In summary, the results of our study contribute to the existing body of work on digital business strategy by embracing a configuration theoretical perspective and a configurational approach to capture and analyze complex causality as it is inherent to digital ecodynamics. The research framework outline here might serve as the basis for subsequent studies on digital business strategy. These studies should include additional antecedents and examine the consequences of configurations arising from these antecedents for market performance as well as for other facets of business success. For instance, it would be interesting to know digital business strategy and firms’ generic strategies (i.e., differentiation, cost-leadership, or niche strategy) work together and relate to market performance.
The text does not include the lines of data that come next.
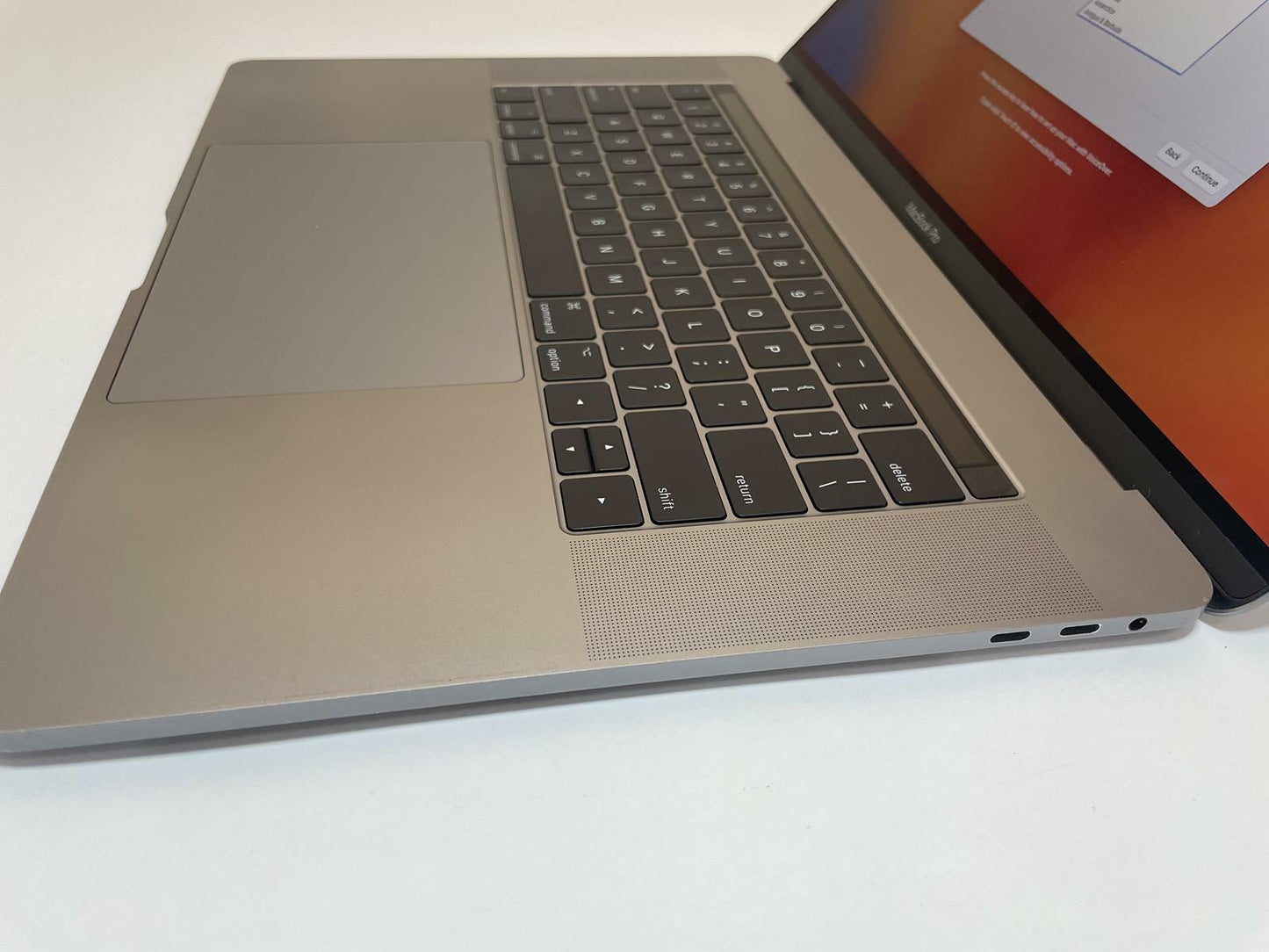 APPLE MacBook Pro A1707 2017 15" Core i7 7820HQ 16GB 512GB SSD Gray Ventura-READ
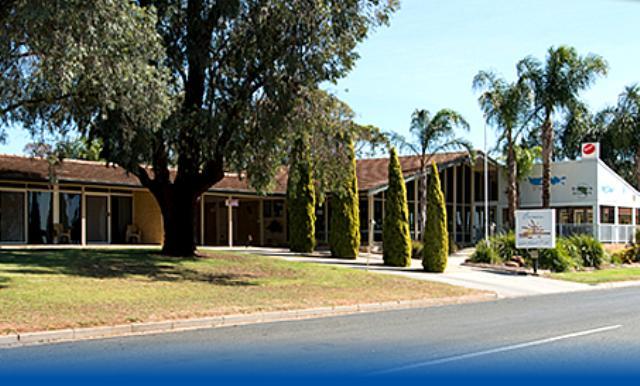 Barmera Lake Resort Motel Bagian luar foto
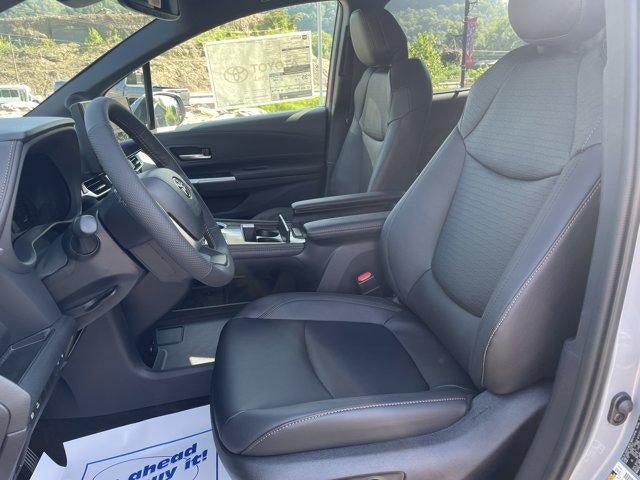 2026 Toyota Sienna Woodland Edition AWD 7-Passenger (Natl)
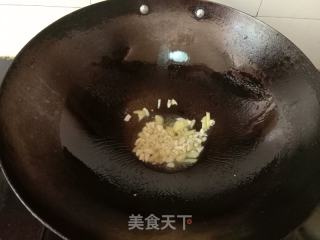 青椒炒蜂窝牛肚的做法步骤：2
In addition, more research is needed on when digital business strategy matters to firm profitability.

Besides these substantive contributions and the implications that derive for future studies, our research adds to the IS literature by pointing to fsQCA as a relatively novel method based on Boolean algebra. In contrast to commonly employed linear-algebraic methods (e.g., regression analysis or structural equation modeling) that offer insights into cross-case tendencies (Ragin 2008), fsQCA focuses on the explicit connections between antecedents and an outcome in terms of necessity and sufficiency. As such, it helps decompose correlations (Ragin 2008) and it can provide insights that may complement those obtained by linear-algebraic methods. Our research thus seeks to provide impetus for future research using fsQCA and for studies that employ Boolean-algebraic and linear-algebraic methods to deepen the understanding of phenomena of interest.